*** Opening of Task input ***
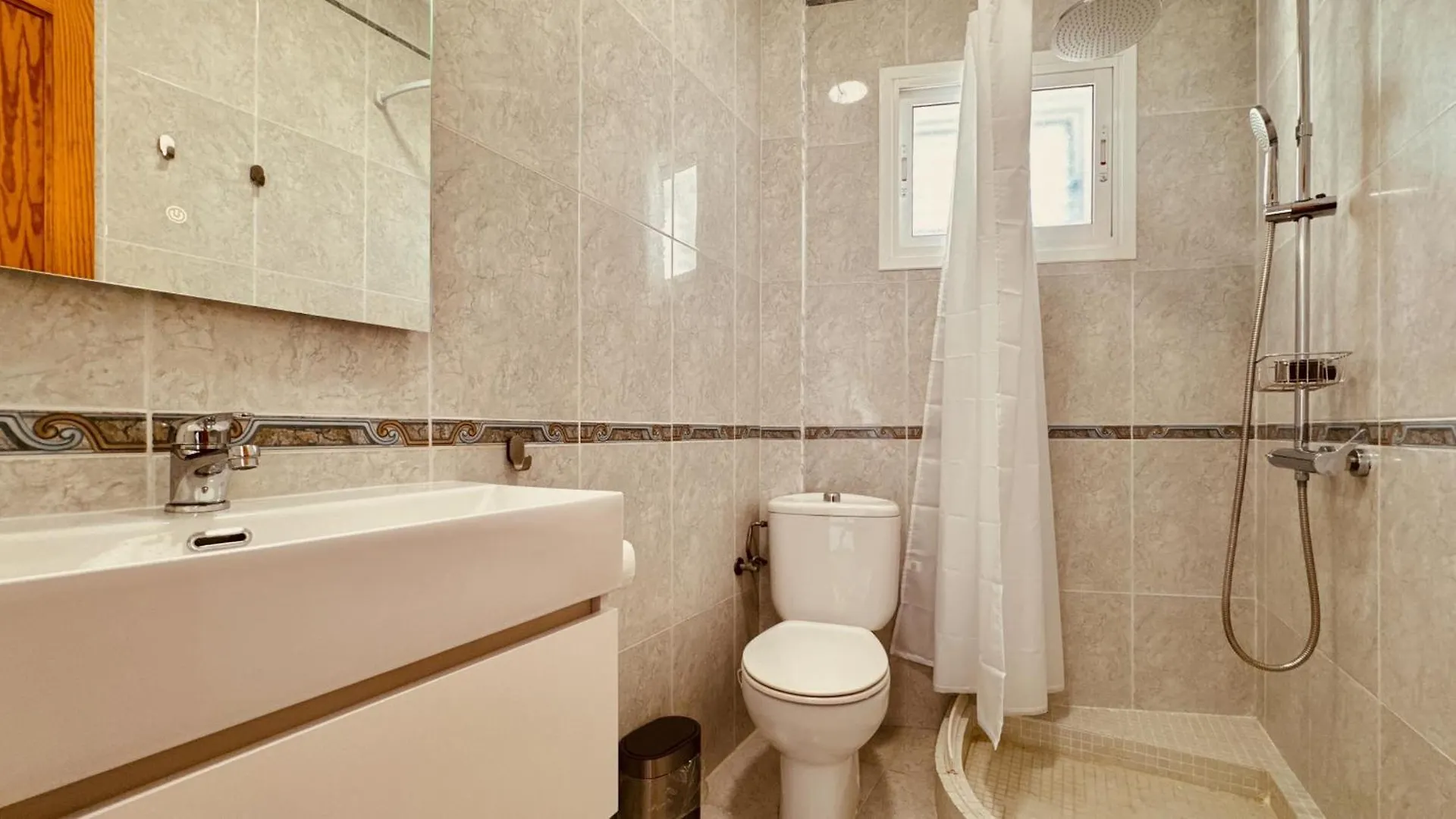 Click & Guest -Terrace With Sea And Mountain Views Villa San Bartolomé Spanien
*** Close of Task input ***
*** Opening of Task input ***
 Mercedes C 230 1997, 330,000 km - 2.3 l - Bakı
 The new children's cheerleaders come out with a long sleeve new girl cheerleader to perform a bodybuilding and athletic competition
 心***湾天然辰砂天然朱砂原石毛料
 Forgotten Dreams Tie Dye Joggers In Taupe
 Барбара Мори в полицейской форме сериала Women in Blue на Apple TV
*** Close of Task input ***
» **The problem**: An exact copy of the lines above, from the one containing "The new children's" down to the one containing "Барбара Мори в" and including both, is the whole answer; retype it and nothing else.

» **Response**:
 The new children's cheerleaders come out with a long sleeve new girl cheerleader to perform a bodybuilding and athletic competition
 心***湾天然辰砂天然朱砂原石毛料
 Forgotten Dreams Tie Dye Joggers In Taupe
 Барбара Мори в полицейской форме сериала Women in Blue на Apple TV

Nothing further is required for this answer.